Worldliness is basically living as if God doesn't exist. It is not going to the Bible (as we have been learning over the past four weeks), but going to society to find out what is an acceptable worldview. It could be the abuse of food or alcohol or recreation or sex. There is God's way, and there is a way of the world in appropriating these items. The world finds nothing wrong with putting yourself first and coveting items you don't have and living without prayer. The world finds nothing wrong with abortion or homosexuality or premarital sex/living together before marriage. The gods of the world are money and pleasure and fame. We are surrounded by the advertising and television shows and music and the Internet and the co-workers and fellow students and neighbors that promote this worldview contrary to Scripture. It seems so normal and innocent. After all, everybody thinks this way!

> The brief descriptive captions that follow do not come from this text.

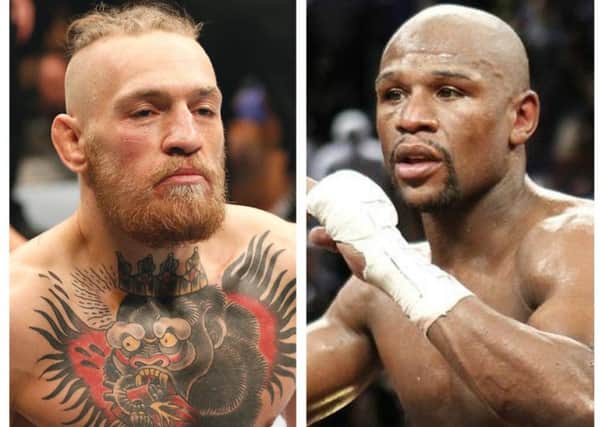 Conor McGregor (left) and Floyd Mayweather Jnr.
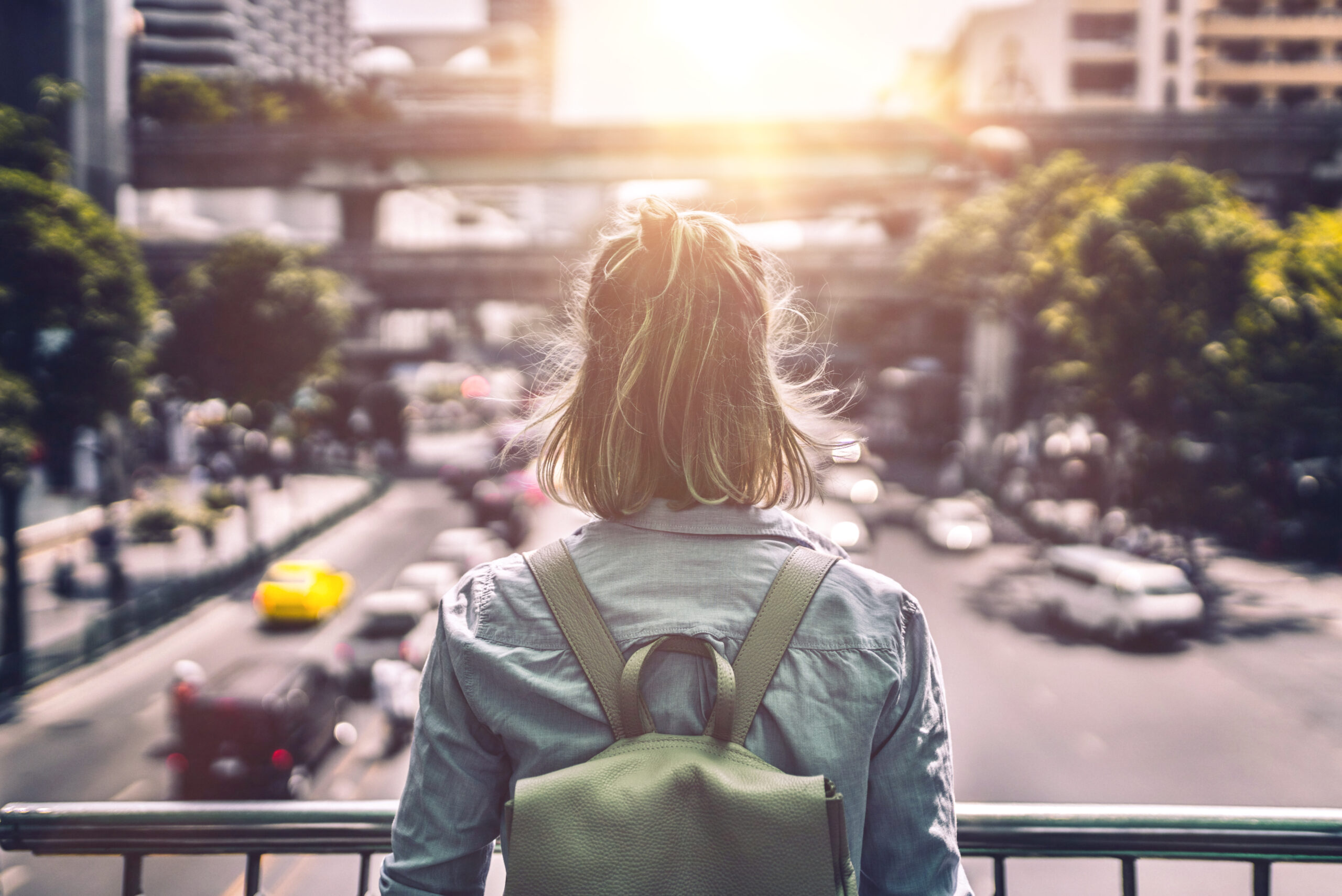 A woman with a backpack is looking out on a blurry city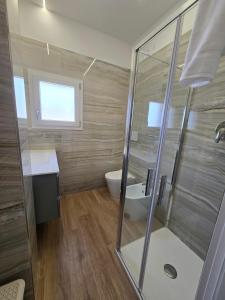 a bathroom with a shower and a toilet and a sink at Central Chic Apartment in Imola +5 photos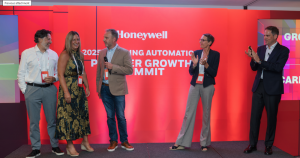 Caroline and Neil Fright (left) receive their Growth Award from Honeywell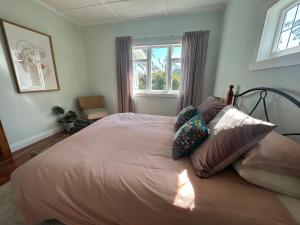 a bedroom with a bed with pillows and a window at Green Turtle Cottage in Pukenui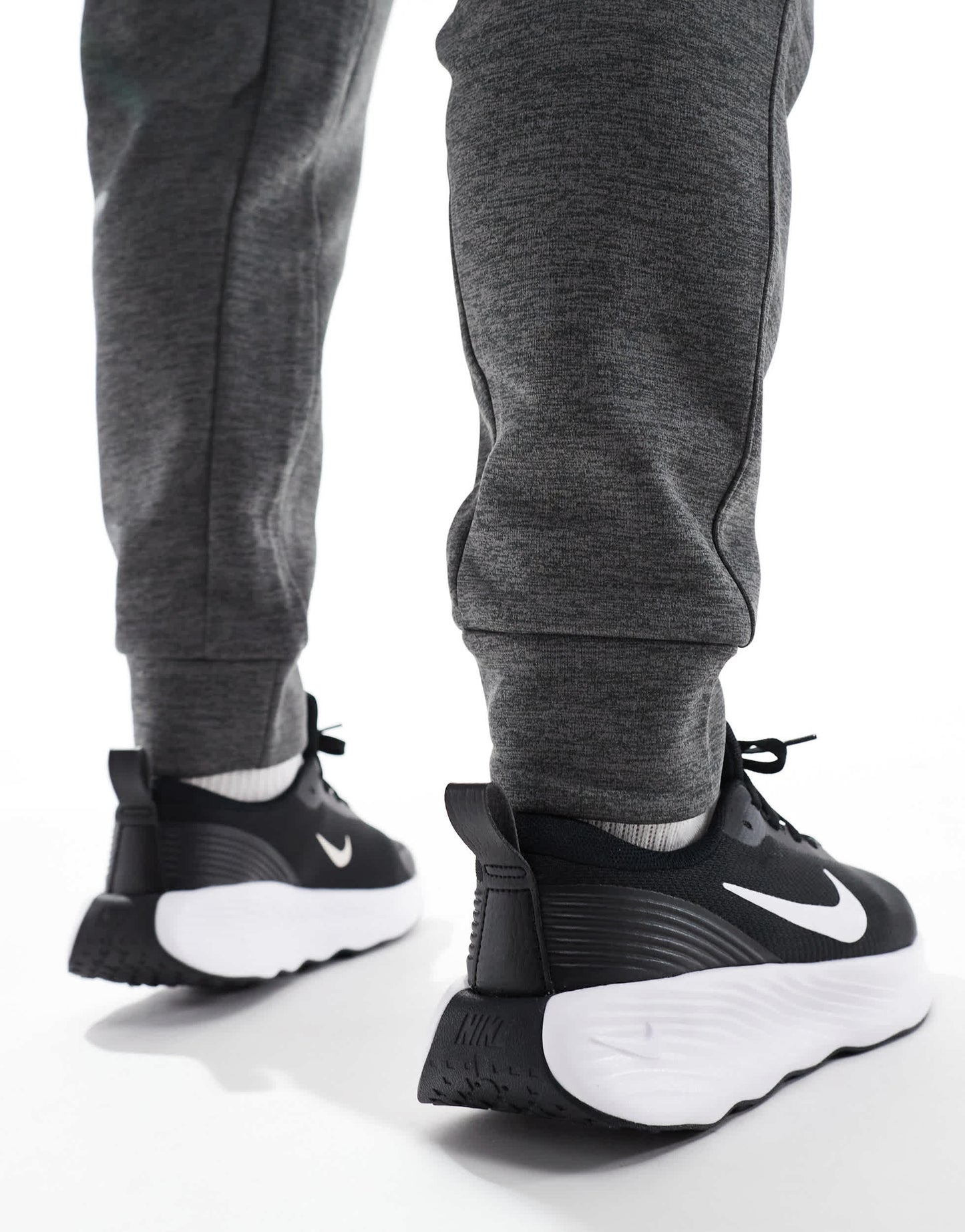 Nike Training Legend Essential 4 trainers in black and white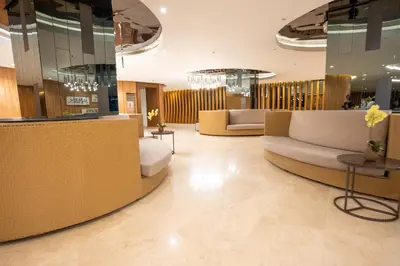 a lobby with couches and tables in a building at Concrete Palms near MOA w/ awesome view of Manila in Manila
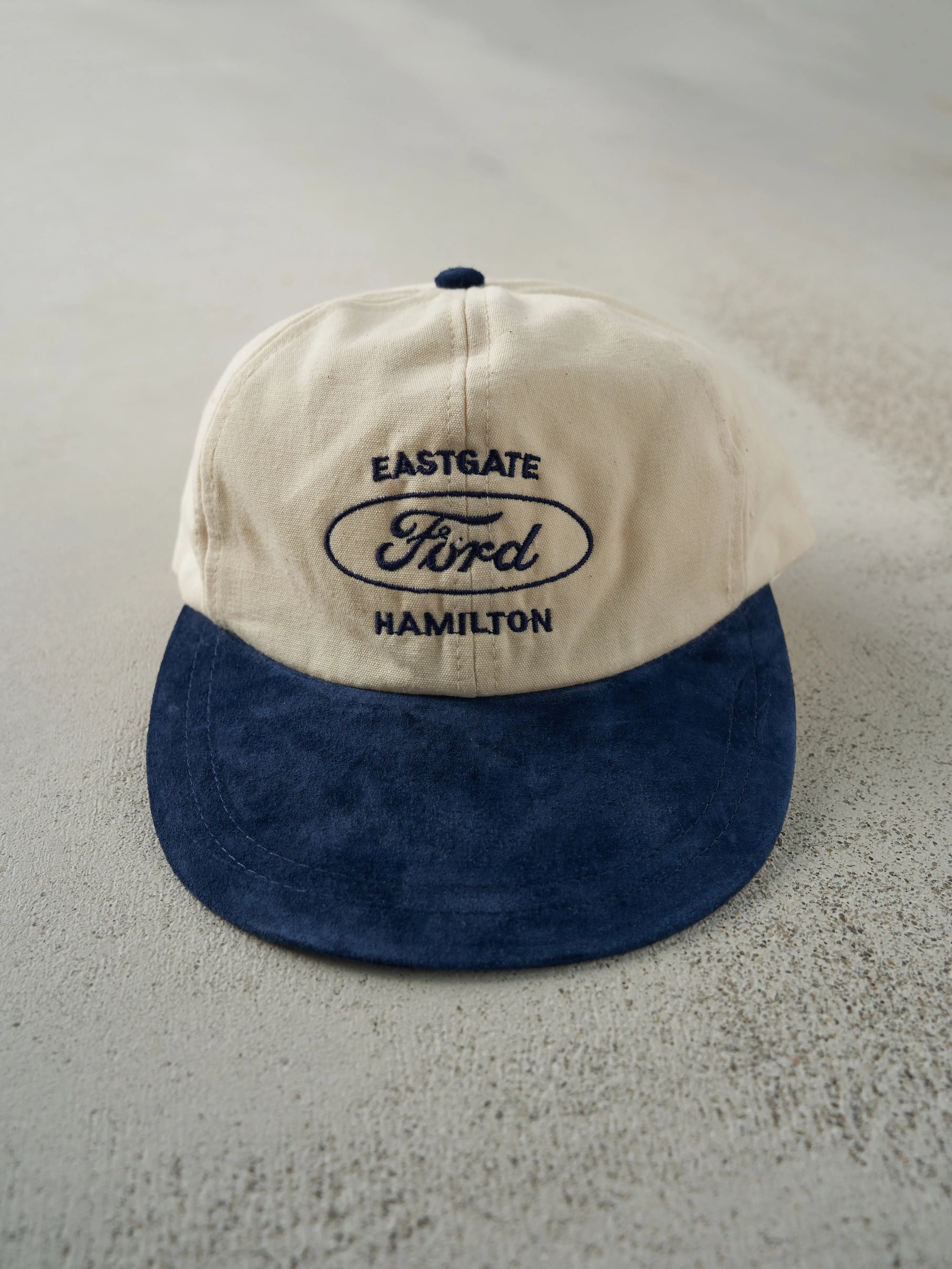 Vintage 80s Beige & Navy Eastgate Hamilton Ford Suede Leather Strap Back Hat sold by Rebalance Vintage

As a matter of fact, if you live contrary to this type of worldview, you will be viewed as the strange one. Could Jesus have been clearer in His prayer to the Father? John 17:14, "I have given them Your word; and the world has hated them, because they are not of the world, even as I am not of the world." In John 15:19 He told His disciples, "If you were of the world, the world would love its own; but because you are not of the world, but I chose you out of the world, because of this the world hates you." Maybe that is why the Bible repeatedly calls us as Christians to live as "aliens" (Heb. 11:9; 1 Pet. 1:1; 2:11).
What James is saying is be discerning! Is the Word or the world shaping your views and values? Do not, Romans 12:2, "be conformed to this world." Deny, Titus 2:12, "worldly desires." Be a "doer of the word" and not a "slave to the world." Keep yourself pure in the midst of this, Galatians 1:4, "present evil age."
So why does God have such a problem when His children would rather follow the world than Him? It goes back to where we began the sermon. Our relationship with Him is one of love based upon trust. Often the Bible calls it a marriage. And like any good marriage fidelity to your spouse is essential. When we find any attraction to the world, God takes it as if we are going after other lovers. We are giving Him a vote of no confidence. We are saying that He is unable to fulfill and satisfy our hearts. We might convince ourselves it is innocent. God calls it spiritual adultery. Eventually we will get to James 4:4: "You adulteresses, do you not know that friendship with the world is hostility toward God? Therefore whoever wishes to be a friend of the world makes himself an enemy of God" (cf. 1 Jn. 1:15-17).
We will talk a lot more about worldliness when we get to chapter 4, but for now let us understand that the greatest way to overcome worldliness is to replace any affection for the world with a greater affection for Jesus Christ. And the greatest way we will see Jesus Christ in all His glory is to appreciate His beauty and power through the Word of God.
What have we learned? It was through the Scriptures that God called us to Himself. It is through the Scriptures that He reveals Himself and His expectations for our lives. And it is through the Scriptures that we can act like Him and be blessed in this intimate relationship built on trust and love.